Only what runs from the line with "Golden Pineapple Big Buds" to the end of the data should appear in the answer, exactly as written and without pictures.

__GIVEN INFORMATION__.
= = = = = = =

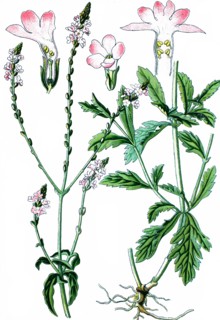 Common vervain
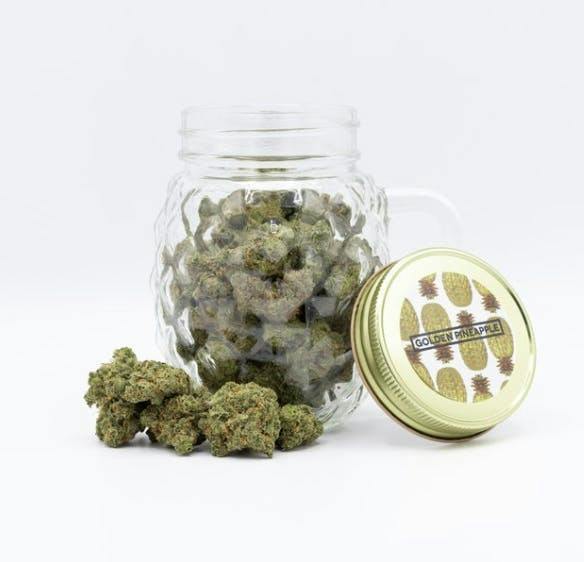 Golden Pineapple Big Buds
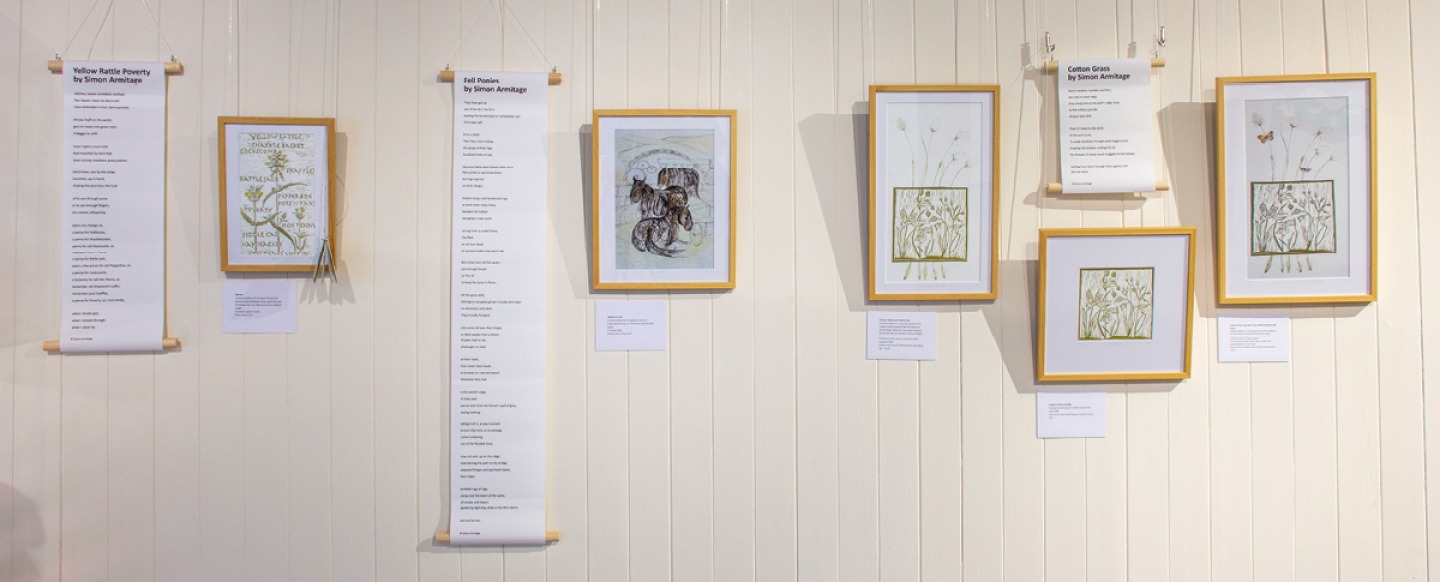 Scrolls, maps and images hanging in line on a wall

= = = = = = =

__WRITTEN SOLUTION__.
 Golden Pineapple Big Buds
 Scrolls, maps and images hanging in line on a wall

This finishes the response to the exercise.